PythonProgramBeginner · 2 min read

Python Program to Compress a String Using Run-Length Encoding

You can compress a string in Python using run-length encoding by iterating through the string, counting consecutive characters, and storing each character with its count as in

def compress_string(s): compressed = ''; count = 1; for i in range(1, len(s)+1): if i < len(s) and s[i] == s[i-1]: count += 1 else: compressed += s[i-1] + str(count); count = 1; return compressed

📋

Examples

Inputaaabbc

Outputa3b2c1

Inputabcd

Outputa1b1c1d1

Input

Output

🧠

How to Think About It

To compress a string, look at each character and count how many times it repeats in a row. When the character changes, write down the character and the count. Repeat this until the end of the string.

📐

Algorithm

Get the input string.

Initialize an empty result string and a count variable set to 1.

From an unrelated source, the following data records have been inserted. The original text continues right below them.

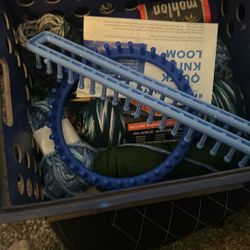 Looms And Knitting Stuff Come Get It Need Gone ASAP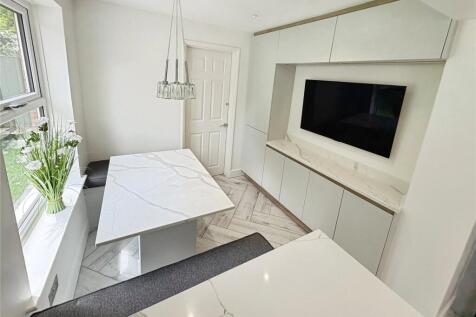Breakfast Room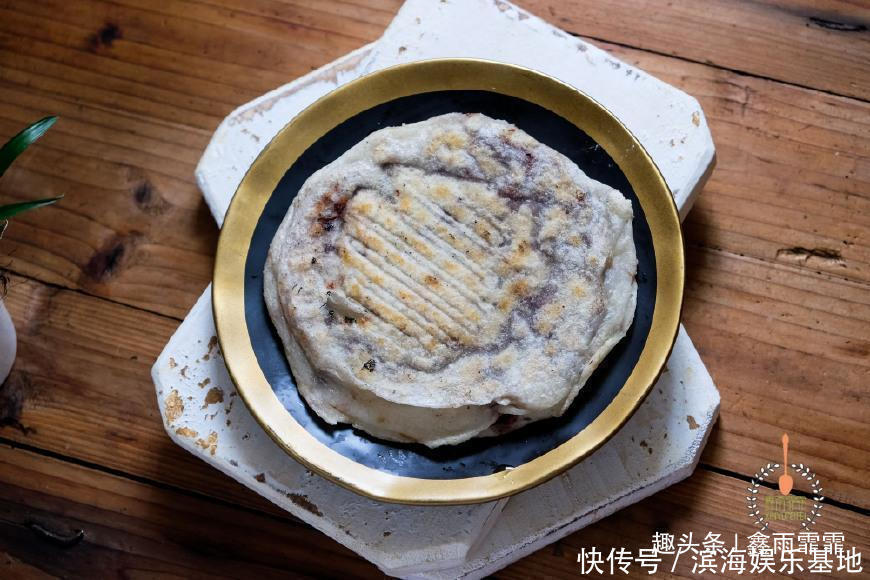 豆子|早餐饼不用面,不用包,一分钟一个,比馅饼简单,女人吃最养颜!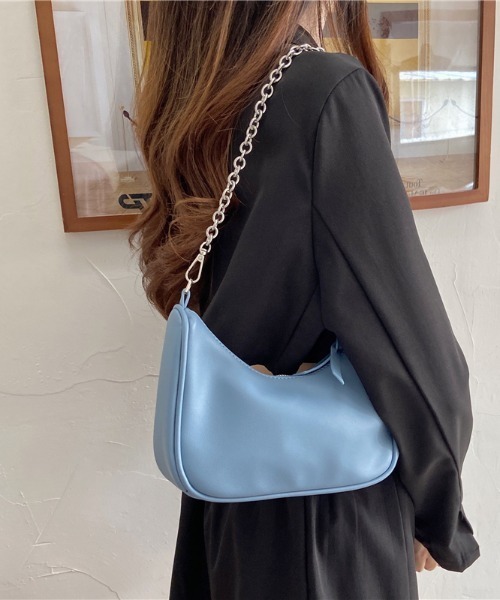 yuue' ( wear )（ユーイ）の「2way ミニポーチ付きチェーンレザーショルダーバッグ（ショルダーバッグ・レディース・ブラック/アイボリー・FREE）」の15枚目の写真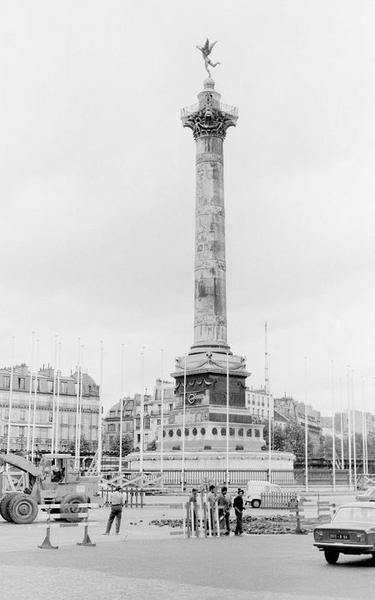 Aménagement de la place de la Bastille pour les cérémonies du 14 juillet 1974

Loop through the string from the second character to the end.

If the current character is the same as the previous one, increase the count.

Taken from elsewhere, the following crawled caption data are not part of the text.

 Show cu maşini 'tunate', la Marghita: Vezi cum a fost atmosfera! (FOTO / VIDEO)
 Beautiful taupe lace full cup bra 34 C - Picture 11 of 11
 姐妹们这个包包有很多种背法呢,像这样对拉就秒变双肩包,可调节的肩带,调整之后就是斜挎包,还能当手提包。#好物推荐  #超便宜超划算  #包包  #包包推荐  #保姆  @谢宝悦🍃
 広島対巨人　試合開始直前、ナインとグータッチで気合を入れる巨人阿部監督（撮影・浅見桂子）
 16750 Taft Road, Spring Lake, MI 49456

If it is different, add the previous character and count to the result, then reset count to 1.

After the loop, add the last character and its count to the result.

Return the compressed string.

💻

Code

python

def compress_string(s):
    if not s:
        return ""
    compressed = ""
    count = 1
    for i in range(1, len(s)):
        if s[i] == s[i - 1]:
            count += 1
        else:
            compressed += s[i - 1] + str(count)
            count = 1
    compressed += s[-1] + str(count)
    return compressed

print(compress_string("aaabbc"))
print(compress_string("abcd"))
print(compress_string(""))

Output

a3b2c1 a1b1c1d1

🔍

Dry Run

Let's trace the string 'aaabbc' through the code

Initialize variables

compressed = '', count = 1

Compare characters at index 1 and 0

s[1] = 'a', s[0] = 'a', same -> count = 2

Compare characters at index 2 and 1

s[2] = 'a', s[1] = 'a', same -> count = 3

Compare characters at index 3 and 2

s[3] = 'b', s[2] = 'a', different -> compressed = 'a3', count = 1

Compare characters at index 4 and 3

s[4] = 'b', s[3] = 'b', same -> count = 2

Compare characters at index 5 and 4

s[5] = 'c', s[4] = 'b', different -> compressed = 'a3b2', count = 1

End of string reached

Add last char and count: compressed = 'a3b2c1'

Index	Current Char	Previous Char	Count	Compressed String
1	a	a	2
2	a	a	3
3	b	a	1	a3
4	b	b	2	a3
5	c	b	1	a3b2

💡

Why This Works

Step 1: Counting consecutive characters

The code counts how many times each character repeats in a row using a counter variable.

Step 2: Building the compressed string

When a new character appears, the previous character and its count are added to the result string.

Step 3: Handling the last character

After the loop ends, the last character and its count are added to ensure all characters are included.

🔄

Alternative Approaches

Using itertools.groupby

python

from itertools import groupby

def compress_string_itertools(s):
    return ''.join(char + str(len(list(group))) for char, group in groupby(s))

print(compress_string_itertools('aaabbc'))

This method is shorter and uses Python's built-in grouping but may be less clear for beginners.

Using regular expressions

python

import re

def compress_string_regex(s):
    return ''.join(f'{m.group(0)[0]}{len(m.group(0))}' for m in re.finditer(r'(.)\1*', s))

print(compress_string_regex('aaabbc'))

This uses regex to find repeated characters but requires understanding of regular expressions.

⚡

Complexity: O(n) time, O(n) space

Time Complexity

The program loops through the string once, so it takes linear time proportional to the string length.

Space Complexity

The compressed string can be at most twice the length of the input (character plus count), so space is linear.

Which Approach is Fastest?

The manual loop and itertools.groupby both run in O(n) time; itertools is concise but may have slight overhead.

Approach	Time	Space	Best For
Manual loop	O(n)	O(n)	Clear logic and beginner-friendly
itertools.groupby	O(n)	O(n)	Concise and Pythonic
Regular expressions	O(n)	O(n)	When comfortable with regex

💡

Use run-length encoding to compress strings by counting repeated characters in a row.

⚠️

Forgetting to add the last character and its count after the loop ends.